Today’s problem

https://leetcode.com/problems/count-number-of-bad-pairs/description/

Intuition

In this question, we find that we need to find the pairs that has the same distance as the difference of nums.

In this case, if we distract the distance between these two numbers, then they would be the same.

That is: $j - i = nums[j] - nums[i] \Longrightarrow nums[j] - j = nums[i] = i$.

Then the question would be easy: we just subtract the index of every number in the list, and then found how many pairs of i,j in the nums array that has the same number.

We then subtract these counts from the total counts of answer.

Approach

1. Count all pairs of i,j; that is, $N \times (N - 1)$, N is the length of the array.
2. Subtract all the nums[i] by i.
3. Count how many pairs of i,j has the same number.
4. Subtract these i,j pairs from the original answer.

Complexity

• Time complexity: $O(N)$. N is the length of the array.

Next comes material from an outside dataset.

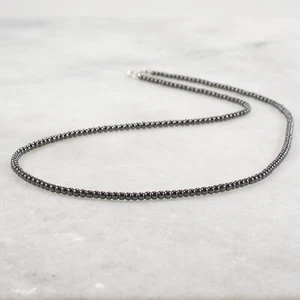 Hematite Necklace, Hematite Bead, Ultra Delicate, 2mm Hematite Beads - Picture 1 of 6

• Space complexity: $O(N)$. N is the length of the array.

Code

class Solution:
    def countBadPairs(self, nums: List[int]) -> int:
        nums = [nums[i] - i for i in range(len(nums))]
        cnt = Counter(nums)
        N = len(nums)
        ans = N * (N - 1) // 2
        for v in cnt.values():
            ans -= v * (v - 1) // 2

        return ans